Cleon Skousen asks the question, When did human chronology begin? The well-known Irish archbishop, James Usher (or Ussher) who was born in Dublin in 1581 and died in 1656, devoted a great deal of his life attempting to correlate existing chronological data so that the events described in ancient times could be fixed with comparative accuracy. This work was complicated by the fact that genealogical tables, which he considered to be the most scientific method of fixing dates, were sometimes inaccurately recorded, and very often historians were not in agreement as to the date when a particular event of importance occurred. As a result, the archbishop found it necessary on occasion arbitrarily to choose the date which he personally felt was most likely to be correct.

As Archbishop Usher projected his chronology back into the patriarchal period, he found his dates adding up to 4,004 B.C. for the genesis of Adam. This date became widely accepted as the beginning of the chronology of the Old Testament. Just why Archbishop Usher added four years to the previously accepted date of 4,000 B.C. is not entirely clear from his writings. There are so many places where arbitrary factors entered into his compilation that the extra four years which he finally had as a surplus could have been easily accounted for in a number of places so as to leave the “beginning” date at the more logical period of 4,000 B.C… .

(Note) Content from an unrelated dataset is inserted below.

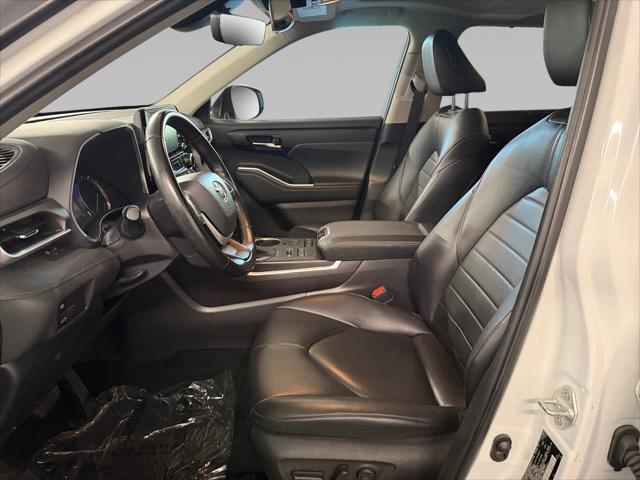 used 2022 Toyota Highlander car, priced at $33,499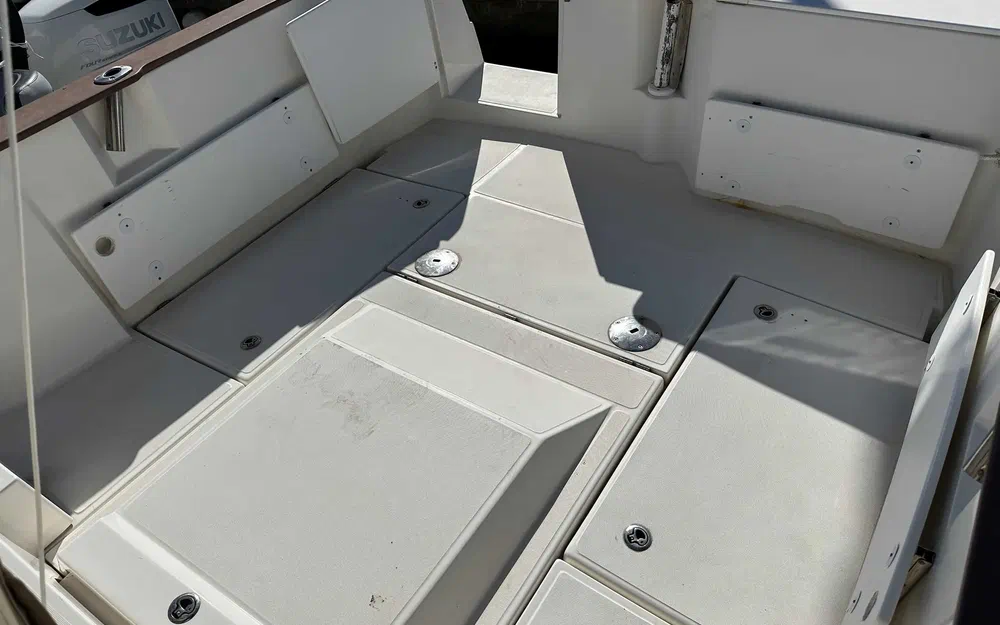 slider 2 Ocqueteau Ostrea 700 T-Top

It appears from a study of the scriptures that God designed his program in connection with human history “a thousand years” at a time. John the Revelator saw that human history was divided into seven periods of a thousand years each (Revelations 5:1-3; D&C 77:6-7). This is further verified in modern revelation where the Lord declares that the great judgment at the beginning of the millennium will be accompanied by a revelation of what occurred in “the first thousand years,” “the second thousand years” and so forth. (See D&C Section 88) These scriptures illustrate the inclination of the Lord to do things in thousand year periods and to divide his work accordingly. Therefore, with all due respect to the good work of Archbishop Usher, it is believed that the actual date for the beginning of human chronology was at the commencement of a thousand year period, i.e. 4,000 B.C., and that the birth of Christ was precisely four millenniums later. [W. Cleon Skousen, The First 2,000 Years, pp. 346-347]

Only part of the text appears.